In cases where patients have lost their capacity but had indicated in an advance directive that they did not want life-prolonging procedures, courts have ruled that their advance wishes should be followed. The Consent to Medical Treatment and Palliative Care Act 1995 provides for medical powers of attorney under which those who desire to do so may appoint agents to make decisions about their medical treatment when they are unable to make such decisions for themselves (Staunton & Chiarella 2008 p142). These instructions legally bind agents, families and health professionals. Advanced Care Plans (Austin Health 2007) may also be in place. These are Non-legislated informal documents that record end-of-life wishes; they are recognised under common law but are not legally binding.

In cases where patients have expressed their wishes prior to losing capacity, the proxy decision makers should follow those wishes rather than make their own judgment about what to do. This is referred to as “substituted judgment” because the proxies substitute the patients’ prior judgment about treatment matters for their own. This is not only an important legal concept, but also one that has practical application in counseling proxy decision makers at the bedside, as they can feel uncomfortable in deciding to forgo life-prolonging interventions because they see themselves as deciding between life and death for another person (Samata & Samata 2006).

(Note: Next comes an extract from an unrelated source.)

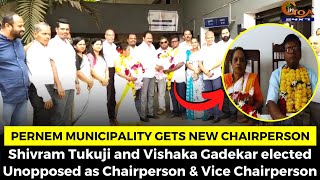 Pernem Municipality gets new Chairperson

Situations where there is no written advance directive, the patient has never communicated thoughts about end-of-life care or the patient lacks decision-making capacity, courts have articulated standards for proxy decision making (Samata & Samata 2006). This means that an individual other than the patient assists in decision making for the patient. The courts have reasoned that the loss of capacity to exercise the right to refuse treatment does not entail the loss of the right itself. If a person does not appoint a Medical Agent or an Enduring Guardian and becomes unable to make or communicate decisions, certain medical decisions can be made by family members (Erer, Atici, & Erdemir 2008). The Guardianship and Administration Act 1993 allows informal arrangements whereby families are authorised to make medical and lifestyle decisions on an incompetent person’s behalf where there are no formal arrangements in place. However family members can only consent to treatment. They cannot refuse treatment or consent to the withdrawal of life-sustaining treatment.

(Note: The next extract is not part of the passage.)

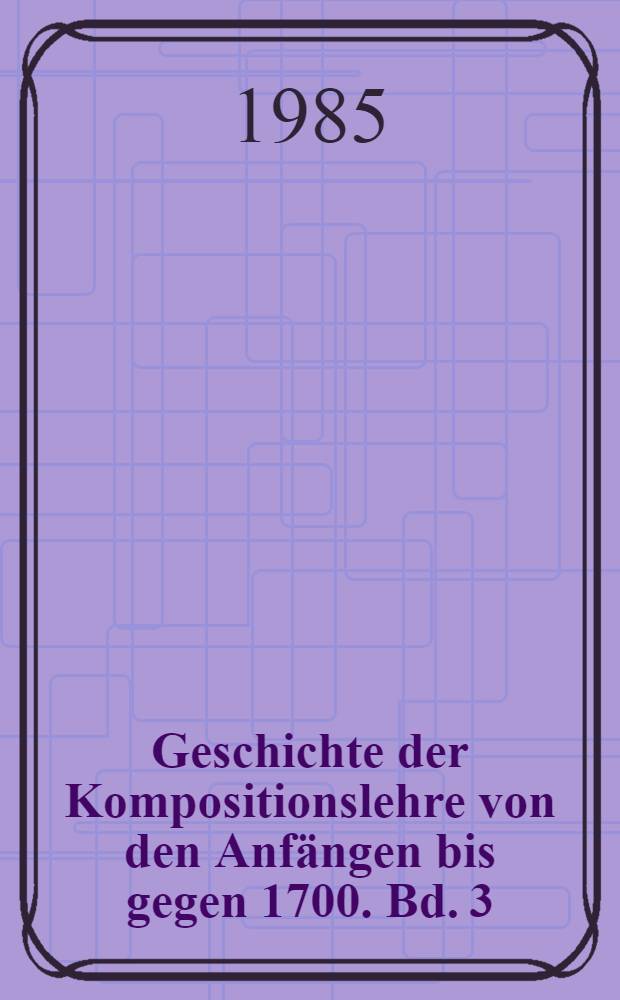 Geschichte der Kompositionslehre von den Anfängen bis gegen 1700. Bd. 3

A patient’s right to refuse treatment, whether exercised directly or by proxy, is not an absolute right (Government of South Australia 2004; Government of South Australia 2010). Social interest that must be balanced against a person’s right to refuse medical treatment. The preservation of life, the prevention of suicide, the protection of third parties, and the preservation of the ethical integrity of the medical profession are all aspects that may be taken into account. In most treatment refusal cases, these interests are not found to outweigh a competent adult’s right to refuse unwanted medical intervention. However, in some cases, the right to refuse treatment is overridden.